Looks like it needs some top quality paint on that. Hmm... Maybe after i wrap up 2 Shelby's i can help you out????????? Looks killer Scott!


----------



## 37fleetwood (Jul 9, 2013)

bikewhorder said:


> Do you have a pic of the bike you were trying to replicate?




it's supposed to look like one of these...


----------



## 37fleetwood (Jul 9, 2013)

slick said:


> Looks like it needs some top quality paint on that. Hmm... Maybe after i wrap up 2 Shelby's i can help you out????????? Looks killer Scott!




I would love to, if I can afford it! it's going to be a butter yellow base with Dark red darts and blue pins, the fenders will be reverse dark red with the yellow accents.


----------



## bikewhorder (Jul 10, 2013)

I'd say your close, but the upper rear seat stay looks like it needs to be a bit more S shaped.  I know easier said than done, but hey you asked for opinions.


----------



## 37fleetwood (Jul 10, 2013)

bikewhorder said:


> I'd say your close, but the upper rear seat stay looks like it needs to be a bit more S shaped.  I know easier said than done, but hey you asked for opinions.




funny, they're exactly like the ones on the real Streamline bike I used as a pattern. maybe it's the angle of the photo.


----------



## Freqman1 (Jul 10, 2013)

Looks dead on to me. Scott just curious which catalog you got that pic from? V/r Shawn


----------



## bikewhorder (Jul 10, 2013)

*Break out the calipers...*



37fleetwood said:


> funny, they're exactly like the ones on the real Streamline bike I used as a pattern. maybe it's the angle of the photo.




Well I'm just basing my comment on the two images you provided.  It looks as though the gap between the top tubes gradually grows from the head tube to the rear tire on the bike in the catalog pic and on your replica it looks like the gap is larger at the seat tube than it is at the rear tire.  It's possible I'm wrong or its possible the actual frames are different from what they showed in the literature, but that's how it looks from where I'm sitting.  I'm sorry I'm being overly critical but I thought this was the Cabe and not RRB.


----------



## babyjesus (Jul 10, 2013)

*fark*

It looks pretty farking fantastic to me.  It is almost identical by the looks of it - just the gap between the two bars where they cross the rear fender is a tiny bit close by the looks of it but that could be lighting or something - I don't think when it's all done anybody will be able to tell the difference.


----------



## Larmo63 (Jul 10, 2013)

I for one, can't wait to see it painted. I'm opening a "help Scott paint his bike fund."

Who'll go first?


----------



## chitown (Jul 10, 2013)

bikewhorder said:


> I'd say your close, but the upper rear seat stay looks like it needs to be a bit more S shaped.  I know easier said than done, but hey you asked for opinions.
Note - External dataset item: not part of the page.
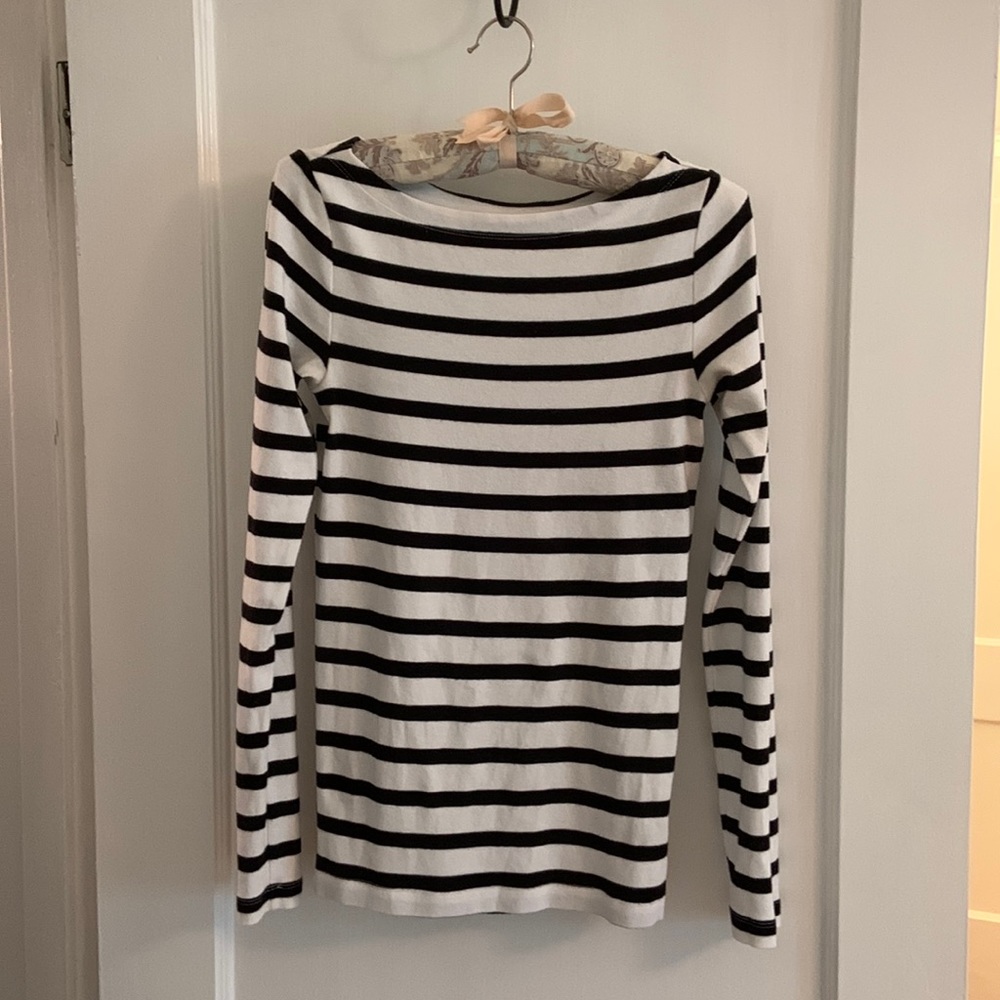 GAP Modern Boat neck Tee
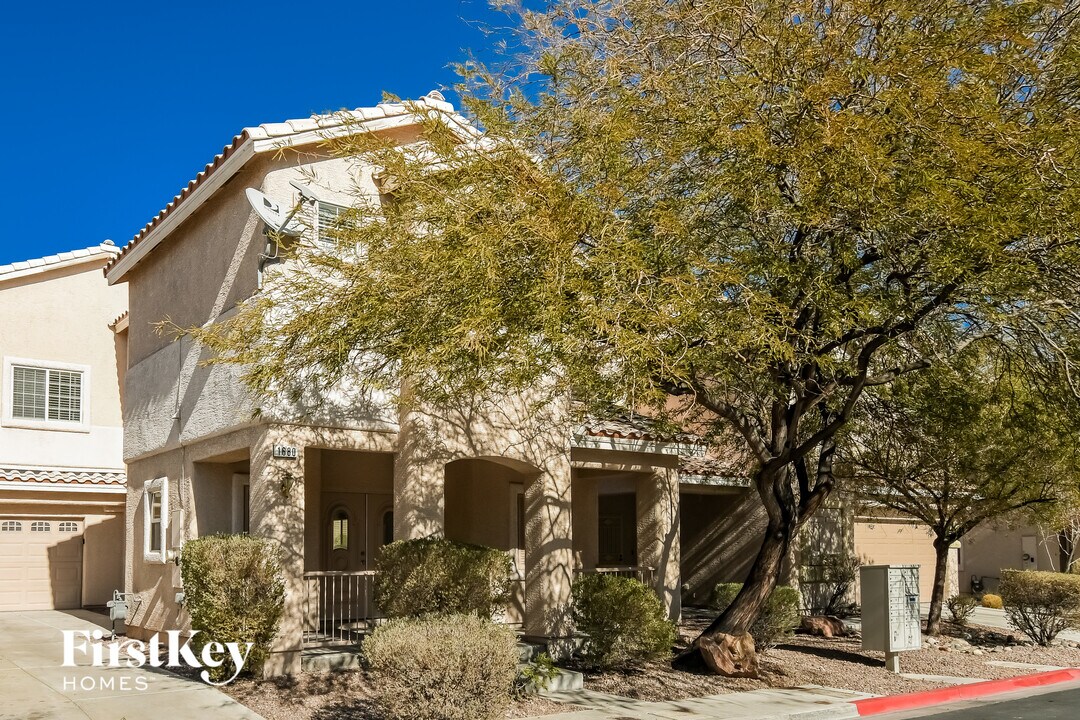 1680 Dark Wolf Ave in Las Vegas, NV - Foto de edificio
I also see this. To further elaborate, I would agree that if you look at the distance between the upper and lower stays at the seat tube. Then look at the space between them at the fenders. It looks like they get closer together when they reach the fenders then begin to slope away from each other. 

The drawing looks like they are either parallel or increasing space as they go back.


----------



## 37fleetwood (Jul 10, 2013)

Ok, I just went out in the daylight and looked the frame over, and I even took my caliper to it. here are my two findings:

1st for the most part it's an optical illusion caused by the fact that the bike is leaning on a kickstand and what you're seeing is the seat stay at the fender mount point on the far side being lower because the bike is leaning at an angle. it doesn't show at the top because they are much closer together at that point.

2nd the two sets of bars are actually slightly closer together at the point where the fender bridge is located.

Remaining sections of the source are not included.